L’aubergiste en apporta aussitôt une tasse. Le prêtre y porta ses lèvres, mais les soldats ne lui donnèrent pas le temps de la vider ; ils se jetèrent brutalement sur lui, et le vin tomba en partie à terre.

À ce moment, le général fit appeler le missionnaire par son interprète à son tribunal. Le Père Jozeau crut l’occasion favorable de s’expliquer plus clairement près de deux magistrats coréens, et il essaya d’entrer à son tour dans le pavillon.
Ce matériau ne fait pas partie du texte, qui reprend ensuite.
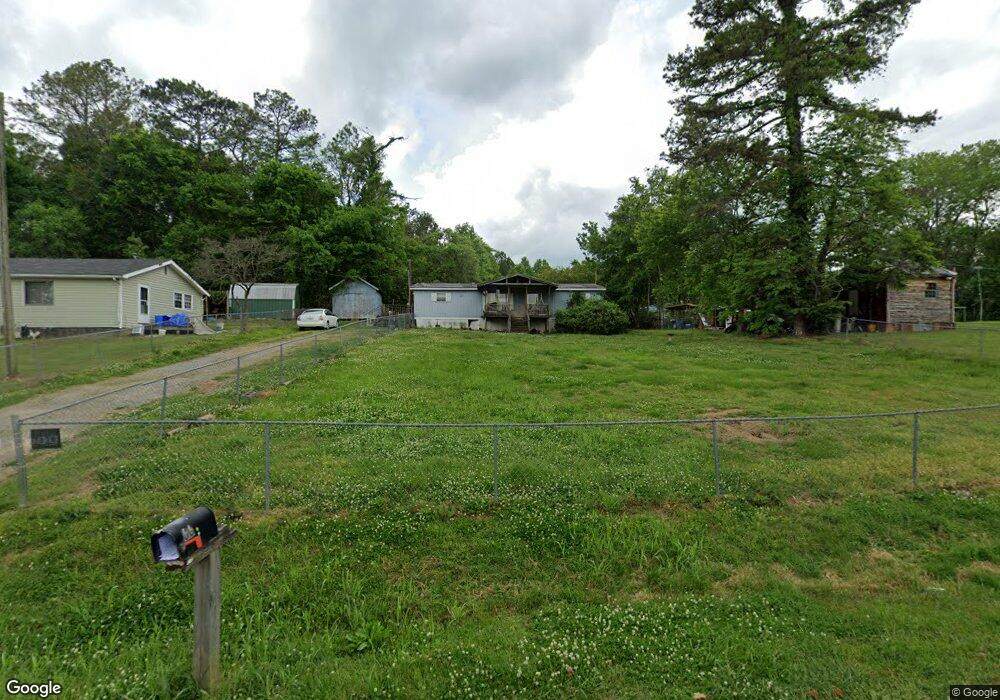 66 First Ave, La Fayette, GA 30728 - photo 1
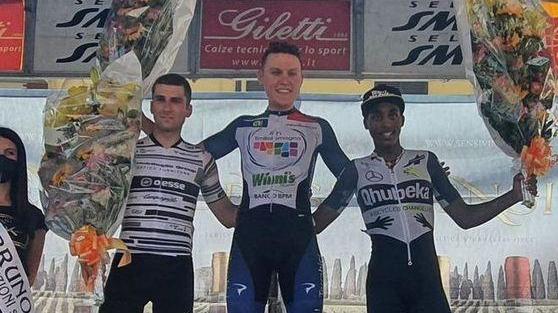 IX Trofeo Chianti Sensi Davide Dapporto super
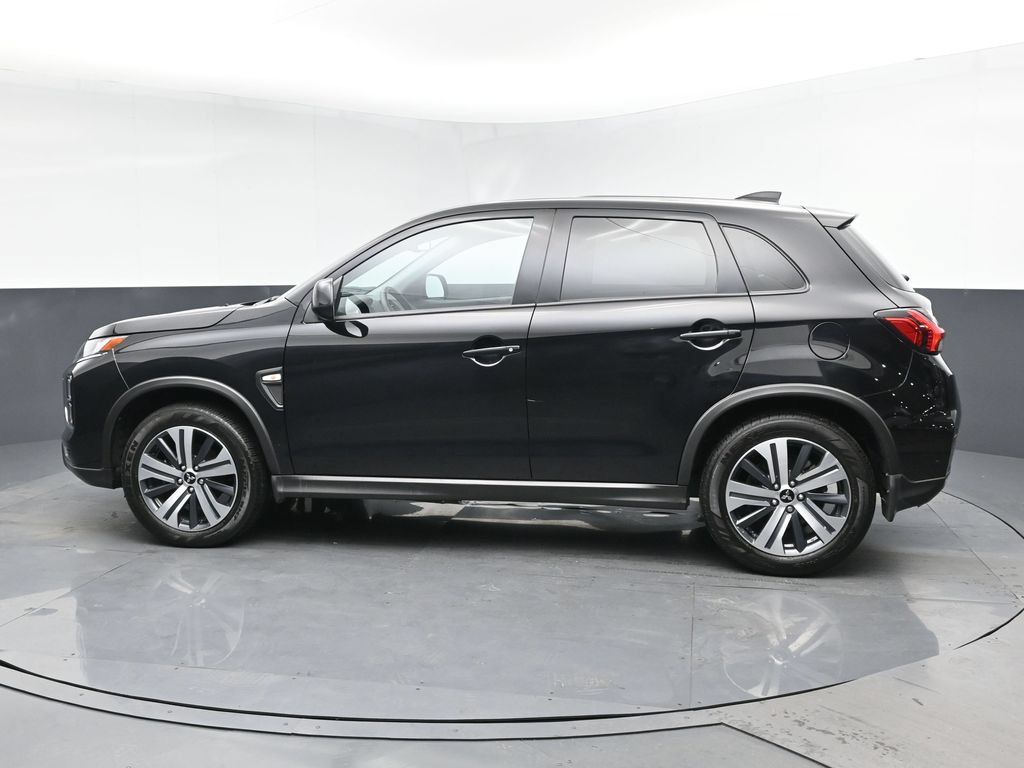 Used 2024 Mitsubishi Outlander Sport AWD image 4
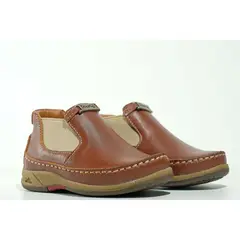 KONE - Zapatos de cuero CL5207CO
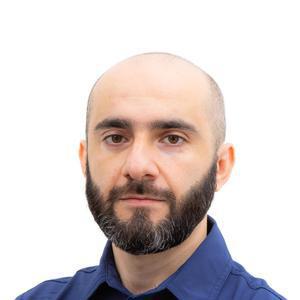 Дзаитов Хусейн Асхабович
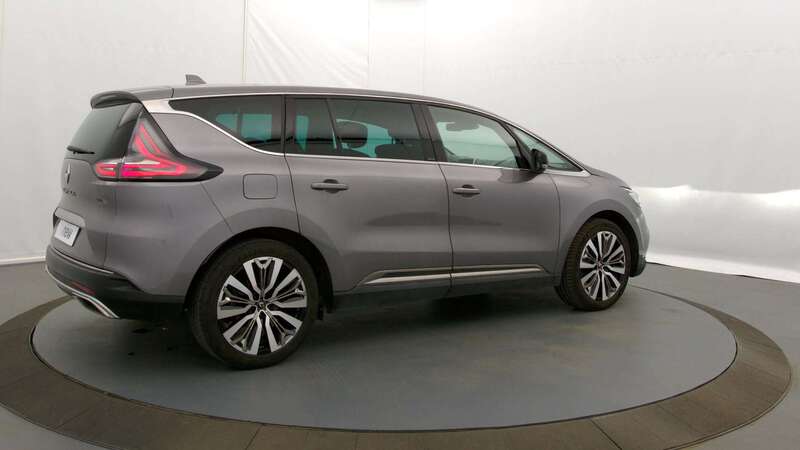 Renault Espace V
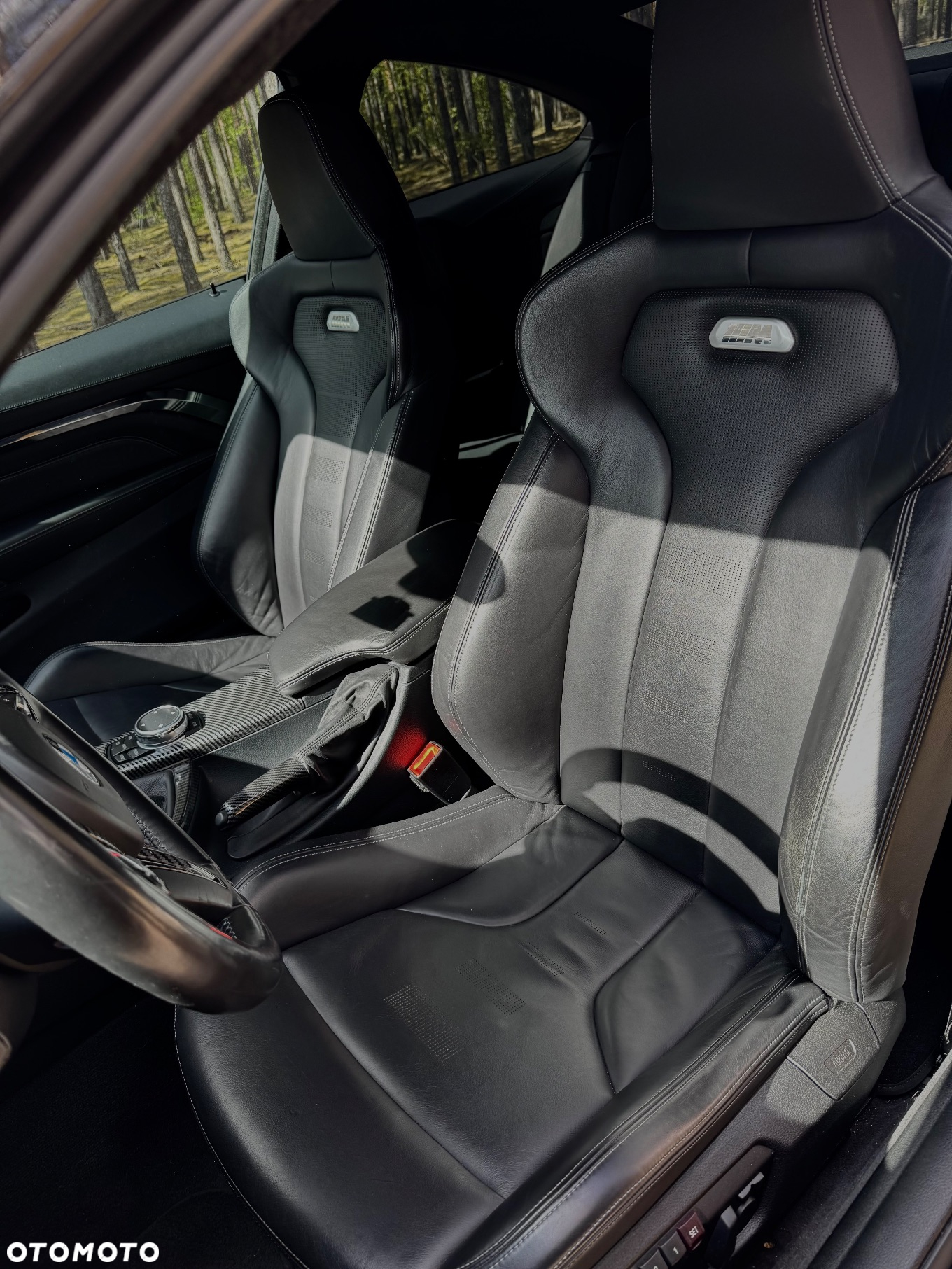 BMW M4 Coupe - 21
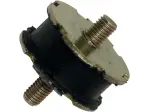 Υποστήριξη μοτέρ εμπρός/πίσω - Ski-Doo Alpine II / Formula III 600 / MX Z 380 F / Summit 600 SB / Touri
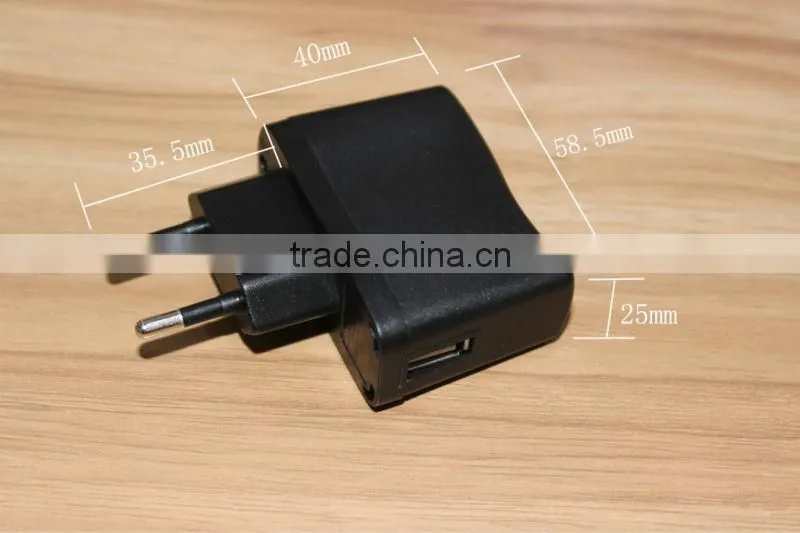 best partner mobile travel adapter USB universal charging kit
Les soldats le repoussèrent violemment et même le forcèrent à s’agenouiller sur la terre nue, comme un criminel, en présence de ses trois juges. Il y eut là un nouvel interrogatoire de quelques instants. Tout ce que l’on sait, c’est que le prisonnier renouvela devant ses juges sa déclaration :

« Je suis un missionnaire français. »

Puis le cortège se remit en route. En arrivant sur la rive droite du fleuve qu’il fallait traverser pour gagner Kong-tjyou, le mandarin militaire et le juge criminel entrèrent dans une barque, et le général chinois dans une autre. Le Père Jozeau monta dans la barque du général. Celui-ci, extérieurement du moins, ne parut pas s’en offenser ; mais presque aussitôt des soldats chinois se jetèrent sur le prêtre et l’entraînèrent de force dans une autre barque, déjà remplie de leurs camarades et qui passa la première.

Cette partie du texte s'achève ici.